Intron insertion is not a random process; they preferentially insert into or are fixed at so-called protosplice sites [21
]. A study claimed that the majority of introns shared between distant species were the result of parallel gain into these sites [25
]. These findings were later disputed and it was shown that protosplice sites are no more conserved during eukaryotic evolution than random sites [26
]. In addition, simulation of intron insertion into protosplice sites with the observed protosplice sites frequencies and intron densities showed that parallel gain could account for only 5-10% of shared intron positions in distantly related species.
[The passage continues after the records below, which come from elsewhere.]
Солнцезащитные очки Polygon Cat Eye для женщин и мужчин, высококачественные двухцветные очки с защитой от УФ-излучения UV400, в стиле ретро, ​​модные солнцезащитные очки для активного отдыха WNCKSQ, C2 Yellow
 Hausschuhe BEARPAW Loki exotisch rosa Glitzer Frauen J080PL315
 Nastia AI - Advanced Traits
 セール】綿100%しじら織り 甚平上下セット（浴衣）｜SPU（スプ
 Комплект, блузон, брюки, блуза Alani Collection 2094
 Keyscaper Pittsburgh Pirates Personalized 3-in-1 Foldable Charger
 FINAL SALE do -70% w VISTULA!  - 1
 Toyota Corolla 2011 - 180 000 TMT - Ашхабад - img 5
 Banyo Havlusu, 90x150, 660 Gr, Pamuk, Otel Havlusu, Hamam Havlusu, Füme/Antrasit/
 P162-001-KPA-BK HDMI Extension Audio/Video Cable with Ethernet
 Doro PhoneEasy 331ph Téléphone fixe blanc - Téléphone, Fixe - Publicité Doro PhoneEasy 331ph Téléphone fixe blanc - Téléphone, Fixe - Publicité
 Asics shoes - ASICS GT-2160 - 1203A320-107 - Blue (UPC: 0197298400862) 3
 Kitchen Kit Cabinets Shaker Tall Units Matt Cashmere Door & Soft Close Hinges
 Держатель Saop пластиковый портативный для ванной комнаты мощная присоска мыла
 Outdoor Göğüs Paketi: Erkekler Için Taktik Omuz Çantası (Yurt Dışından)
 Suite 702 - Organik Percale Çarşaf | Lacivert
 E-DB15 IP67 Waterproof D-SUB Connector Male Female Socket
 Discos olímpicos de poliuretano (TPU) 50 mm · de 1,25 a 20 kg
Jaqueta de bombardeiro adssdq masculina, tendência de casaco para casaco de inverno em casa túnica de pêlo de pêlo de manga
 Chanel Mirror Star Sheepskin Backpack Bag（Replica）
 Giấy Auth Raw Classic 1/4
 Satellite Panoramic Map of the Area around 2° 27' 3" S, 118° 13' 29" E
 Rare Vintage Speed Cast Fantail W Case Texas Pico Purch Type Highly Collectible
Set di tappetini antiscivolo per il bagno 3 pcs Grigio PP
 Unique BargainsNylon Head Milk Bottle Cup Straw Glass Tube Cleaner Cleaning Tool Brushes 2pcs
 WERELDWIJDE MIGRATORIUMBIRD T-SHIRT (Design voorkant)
Subsequently, this has been verified in other studies, where on average ~8% of shared intron positions in distantly related species were found to be due to parallel gain [27
]. However, across the eukaryotic lineages, the distribution of parallel gain was highly heterogeneous with evolutionarily closer species showing virtually no shared introns due to parallel gain, whereas evolutionarily more distant species, such as human and plants, exhibited up to 20% parallel gain. A complicating factor when analyzing intron position conservation (IPC), is that different lineages exhibit very divergent rates and patterns of intron loss or gain [15
]. It seems that intron loss is generally more prevalent than gain among orthologous genes [30
], although there are studies showing that the opposite can sometimes be true [33
The question still remains whether shared intron positions in different genes could be used on a global scale to aid the elucidation of evolutionary relationships, even between distant eukaryotic species. Therefore, in this study, we have analyzed the full genomes of seven eukaryotic species - human versus six other eukaryotes - to reveal if IPC can be used to distinguish orthologs from proteins that merely share amino acid similarity. More specifically, we examine if ortholog-ortholog (o-o) pairs have a higher IPC score compared to ortholog-closest non-ortholog (o-cno) pairs. In analogy, we also investigate whether inparalog-inparalog (i-i) pairs have a higher IPC score compared to inparalog-closest non-inparalog (i-cni) pairs. If this is the case, IPC could be used as a discriminatory variable when elucidating evolutionary relationships. Since sequences that are evolutionarily conserved tend to have a higher sequence identity compared to non-related sequences, we also examined the possible dependence between IPC and sequence identity. Finally, if IPC can be a predictor of orthology, it must agree at least to some extent with existing reliable orthology detection methods. Therefore, we analyzed the agreement between the InParanoid orthology score and the IPC score.